ほとんどの場合「創作物をきっかけに犯罪を犯した人間は、創作物が存在しなければ他のものをきっかけにして犯罪を行う」であろうと思われますが、最大限に考慮し「創作物が存在しなければ犯罪を行わなかった人間が居る」と仮定します。
しかし同時に「創作物が存在するために犯罪を行わなかった人間が居る」という事でもあり、その人数が前者を上回っている、と解釈するのが正しいでしょう。

※そもそも性犯罪が減少する理屈は?

性犯罪に直結するものとして「性欲」があるわけですが、性欲を現実の人間に向けさせずに創作で消費させてしまおうという話ですね。

性犯罪に限らず、例えば「夫の性欲を自分に向けられるのが嫌なのでエロ本を与えている」という話は良く耳にします。性欲を減らす薬もありますが、副作用のリスクであったり将来子供の計画がある場合それに頼るのも危険……なので、性表現の創作物が役に立つわけですね。

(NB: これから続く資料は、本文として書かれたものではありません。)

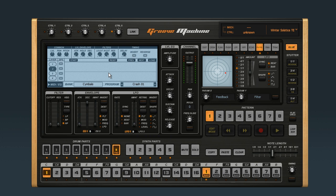For more great software, check out the ImageLine website. And for more great tutorials, visit streamworksaudio.com.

また、性表現が創作物として描写されていたところで「それが現実に適用してはいけない」という事が理解できていれば問題ありません。むしろ創作物のおかげで「これは悪い行為だったのか」と理解するケースもきっと多いのでしょう。

問題点:納得する回答は?

さて、ここまで踏まえて。

仮定として「創作物に性被害が増やす効果も減らす効果もある」とします。統計から推察するに減らす効果の方が高いことは読み取れます。したがって社会的な効果(功利主義における最大幸福)に乗っ取るのであれば創作物が規制されないほうが良く『表現の自由を侵害してまで敢えて犠牲が増えるような選択をするのか?』という命題になるのです。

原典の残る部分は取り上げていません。